David Daiches (2 September 1912 – 15 July 2005) was a Scottish literary historian and literary critic, scholar and writer. He wrote extensively on English literature, Scottish literature and Scottish culture.

==Early life==
He was born in Sunderland, to Jewish-Lithuanian émigrés —the subject of his 1956 memoir, Two Worlds: An Edinburgh Jewish Childhood. He moved to Edinburgh while still a young child, about the end of the First World War, where his father, Rev Dr Salis Daiches was and Orthodox rabbi to Edinburgh's Jewish community, and founder of the city's branch of B'nai Brith.

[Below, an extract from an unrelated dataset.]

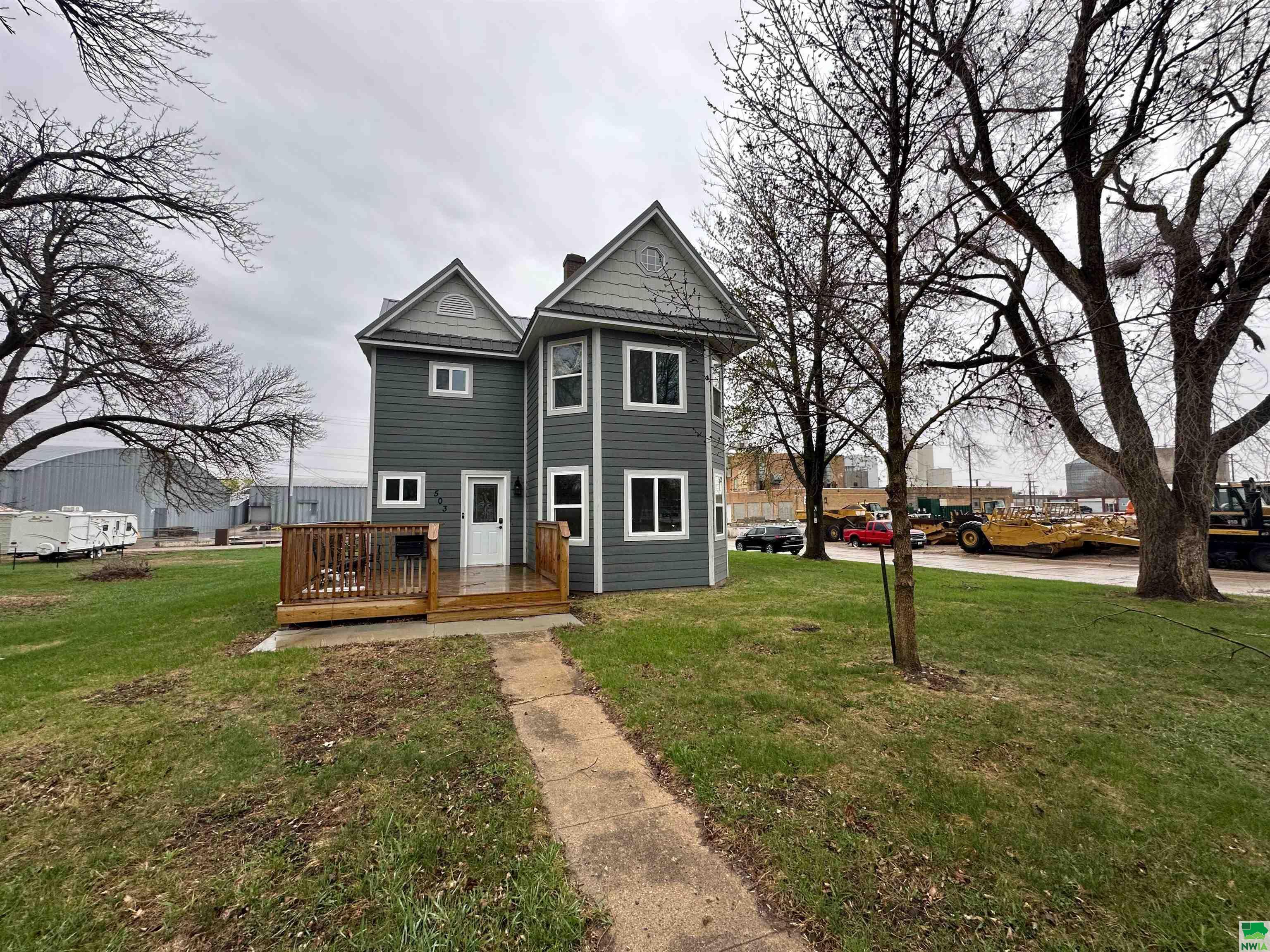 503 10th Street, Sibley, IA 51249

He studied at George Watson's College and won a scholarship to the University of Edinburgh where he won the Elliot prize. He went to Oxford where he became the Elton exhibitioner, and was elected Fellow of Balliol College in 1936.

Daiches is the father of Jenni Calder, also a Scottish literary historian. His brother was the prominent Edinburgh Lionel Henry Daiches QC. Although Lionel retained the older, traditional pronunciation of their surname as 'dyke-iz' /ˈdaɪ χ (or k) ɪz/, David returned from the US with the Americanized 'day-ches', /ˈdeɪ tʃɪz/.
He also had a sister, Sylvia Daiches.

==Career==
During the Second World War, he worked for the British Embassy in Washington, DC, producing pamphlets for the British Information Services and drafting (and delivering) speeches on British institutions and foreign policy.

Daiches' first published work was The Place of Meaning in Poetry, published in 1935. He was a prolific writer, producing works on English literature, Scottish literature, literary history and criticism as well as the broader role of literature in society and culture. His The Novel and the Modern World (1939) was well received, and his expertise on the modern period led to his co-editing The Norton Anthology of English Literature (1962). He edited the Studies in English Literature series. He also wrote the two-volume A Critical History of English Literature and edited the Penguin Companion to Literature – Britain and the Commonwealth (1971). He wrote biographical and critical works on Virginia Woolf, Robert Louis Stevenson, Robert Burns, D. H. Lawrence, John Milton, and Sir Walter Scott. He also wrote two autobiographical volumes, books on Scotch whisky, the King James Bible, and the cities of Edinburgh and Glasgow, a biography of Bonnie Prince Charlie, and a volume of poetry.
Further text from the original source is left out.